Así, cada nueva película fue sumando tonos a este mosaico que es México: El libro de la vida (2014), dirigida por Jorge R. Gutiérrez, una animación que canta a la memoria con ritmo de guitarra; Día de Muertos (2019), de Carlos Gutiérrez Medrano, que busca los orígenes del alma y del recuerdo; Spectre (2015), la vigesimocuarta película de James Bond, que inventó un desfile que el pueblo mexicano adoptó y convirtió en tradición; y Coco (2017), de Pixar, que tomó la esencia de Guanajuato, Michoacán y Oaxaca, para enseñar al mundo que nadie muere mientras se le recuerde.
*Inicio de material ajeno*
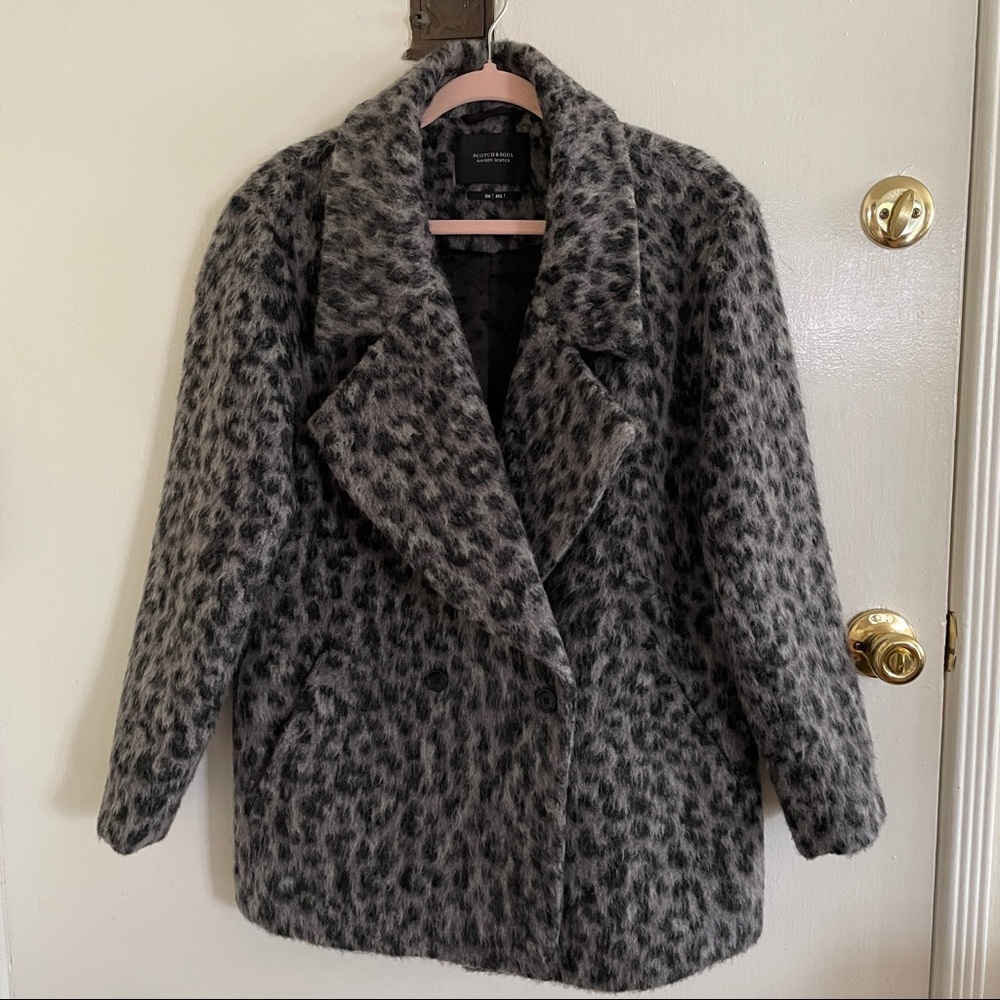 Scotch & Soda Winter Wool Leopard Coat - Picture 1 of 6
Desde entonces, el cine no solo inmortaliza nuestras tradiciones, las nutre y enriquece. La imagen y la música viajan, cruzan fronteras y regresan con nuevas luces, transformadas en costumbres, ritos y motivos de orgullo.
Nuestros seres queridos que ya partieron vuelven en forma de vívido recuerdo, en un viaje que detiene el tiempo, cuando los altares encienden su llama, llegan con el aroma del incienso y el copal, conversan en el color del cempasúchil y susurran como palabras de amor. Porque en México la muerte no solo se llora: se reza y se guarda, se ilumina; se celebra, se filma; se canta y se baila. Renace en el hermoso recuerdo de quienes adelantaron su viaje al infinito.
Hoy, la invitación más sentida y profunda es a mirar, convivir y viajar por estas películas que son verdaderos altares de imágenes, donde cada escena es ofrenda, cada nota es plegaria y cada color de la gama mexicana, una chispa de amor y eternidad.